Because banks shouldn't hide your money in spreads.
We expose the real cost of every transfer — the spread, the fees, the delivery time — and rank providers by what actually lands in your recipient's account. No sponsored ordering. Ever.
Hover any card to see exactly what it costs you.
vs Traditional Banks
You save up to DZD 11415
on a EUR 900 transfer
Wise
BEST RATEBank of America
+5% markup + $35 wire fee
Wells Fargo
+4.5% markup + $25 wire fee
Sending euros from Austria to Algeria? Banks quietly skim 3-8% via exchange rate markups, while digital providers like Wise, Remitly, Revolut, and WorldRemit pass on real rates with transparent fees. Here's how to pick the right one and time your transfer for maximum value.
In Algeria, recipients can access funds directly at BEA — Banque Extérieure d'Algérie, the country's largest financial institution. By using Wise instead of a traditional bank wire, your recipient gets approximately 6,480 DZD more on a $1,000 transfer — because digital providers pass the real exchange rate directly. Worth knowing about the local currency: Algeria's 2,000 dinar note portrays the Casbah of Algiers, a UNESCO World Heritage medina whose street layout has been unchanged since the 16th century.
Our verdict: For most senders, Wise delivers the best combination of mid-market rates and low transparent fees on the EUR to DZD corridor — but use Remitly if your recipient needs cash pickup.
The Austria-to-Algeria money transfer route is dominated by two groups: the Algerian diaspora in Vienna, Graz, and Linz supporting families back home, and Austrian businesses paying suppliers or contractors in North Africa. Remittances play an important role in Algeria's economy, helping cover everything from monthly groceries in Algiers to school fees in Oran and medical bills in Constantine. If you're sending EUR to DZD, you're joining a steady flow of cash that genuinely matters on the receiving end — which makes getting the rate right even more important.
Here's the dirty secret of international transfers: the flat fee is rarely the real cost. The exchange rate markup is. A bank advertising "no transfer fee" can still skim 4-6% off the mid-market rate, costing you €40-60 on a €1,000 transfer without you ever seeing a line item. Always check the rate against Google's mid-market EUR/DZD before clicking send. If the provider's rate is more than 1% off the real rate, you're being charged a hidden fee — full stop.

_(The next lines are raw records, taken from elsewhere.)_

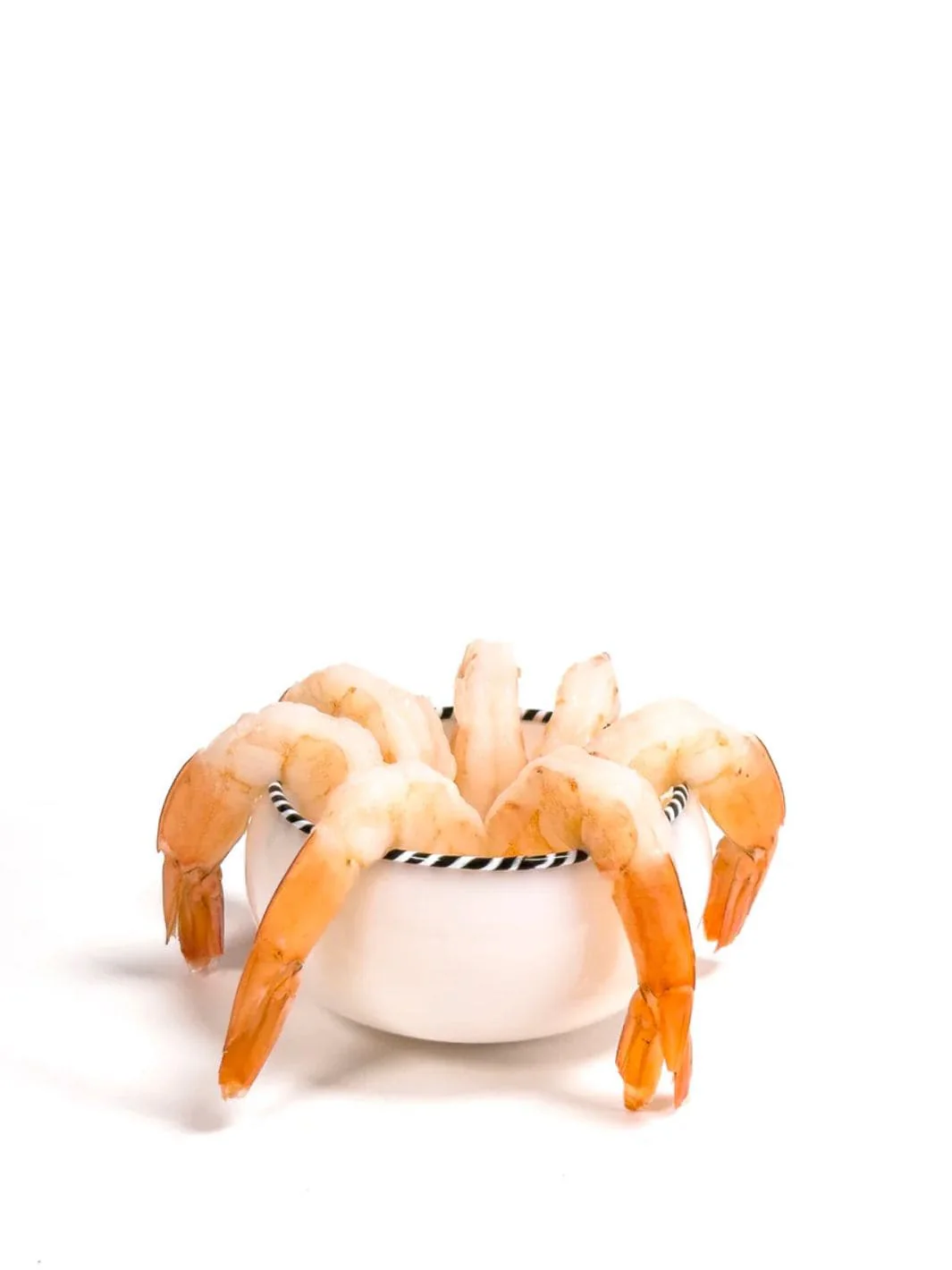 Roman Bowl - White - Image 2
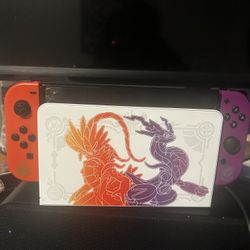 Pokemon Scarlet and Violet Edition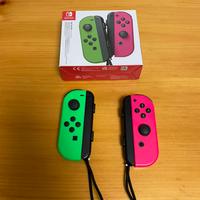 Joycon controller nintendo switch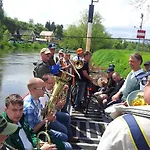 Alter Felsenkeller Πανδοχείο Νάουμπουργκ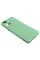Чохол-накладка Dengos Soft для Motorola Moto G24/Moto G24 Power Mint (DG-TPU-SOFT-58)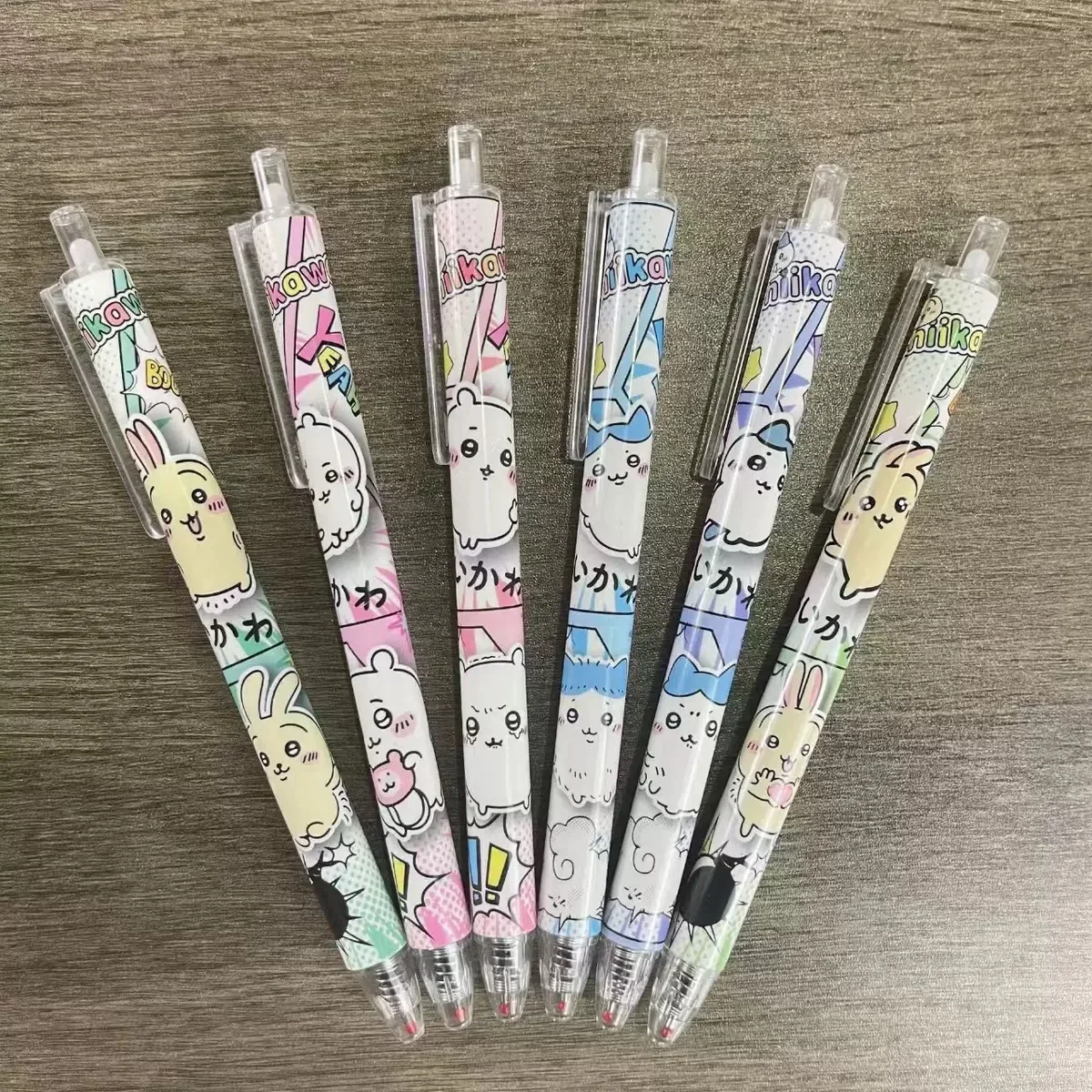 2026 Nieuwe Chiikawa Boxed Fil - School Supplies recensie en prijs
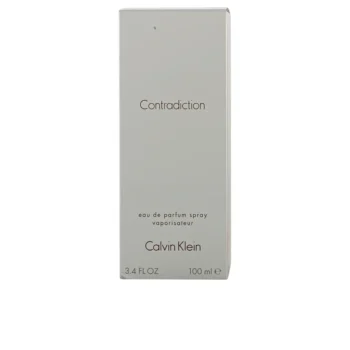 <span class="notranslate">CALVIN KLEIN CONTRADICTION</span> eau de parfum spray 100 ml for Women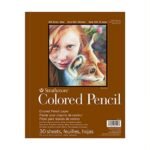 Best Paper for Colored Pencil Blending: Top Pads for Smooth Artistry
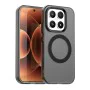 Калъф за Xiaomi 17 - CandyCase MagSafe - Techsuit - Черен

Erste Bank, Raiffeisen, and BAWAG will happily wire your euros to Algeria — and quietly take 3-8% via inflated exchange rates plus a €15-25 SWIFT fee. Digital providers obliterate that pricing. Wise uses the real mid-market rate and charges a transparent flat fee, usually under €5 for moderate amounts. Remitly markets aggressive promo rates for first transfers and excels at cash pickup options. Revolut works brilliantly if both you and recipient family members are inside its app ecosystem, with near-instant transfers during weekdays. WorldRemit offers the widest cash pickup network across Algerian cities, which matters when your recipient doesn't have a bank account.
For most senders, the math is brutal: pick any of these four over a traditional Austrian bank and you'll save 3-8% on the exchange rate alone. On a €2,000 transfer, that's €60-160 staying in your family's pocket instead of disappearing into a bank's spread.
Standard banking regulations apply for sending from Austria to Algeria, so all legitimate providers will require recipient details and may flag larger amounts for compliance review. Within those rules, you've got speed choices. Instant transfers (under an hour) cost more — Remitly's "Express" option and Wise's instant tier add a premium. Economy transfers settle in 1-3 business days and cost less. Use instant only when it's genuinely urgent: medical emergencies, missed rent. For monthly family support, schedule the economy option a few days early and pocket the savings.
Your recipient's options shape your provider choice. Banque Extérieure d'Algérie (BEA) and Banque Nationale d'Algérie (BNA) are the two dominant local banks for receiving international transfers, with branches in every wilaya. Bank deposits are reliable but can take an extra 1-2 days to clear locally. Cash pickup through Western Union or MoneyGram partners — including post offices via Algérie Poste — is faster and works for unbanked recipients, but rates are typically worse. Mobile wallet adoption is still emerging in Algeria, so a bank account at BEA or BNA remains the cheapest, cleanest delivery method for recurring transfers.
Set rate alerts on Wise or Revolut and send when EUR/DZD spikes in your favor — the rate moves 1-3% within most months. Avoid Friday afternoons and weekends; liquidity drops and spreads widen. Batch your transfers: sending €500 once usually beats sending €100 five times because flat fees stop scaling. Many providers also have amount thresholds — Wise's percentage fee drops sharply above €1,000, so if you're close to the line, round up. Finally, keep your recipient's IBAN and identification details saved in your provider's app to avoid retyping errors that delay settlement.
Bottom line: skip the bank, pick Wise for transparency, Remitly for cash pickup, Revolut for speed inside its ecosystem, and you'll consistently land 95%+ of every euro into Algerian dinars.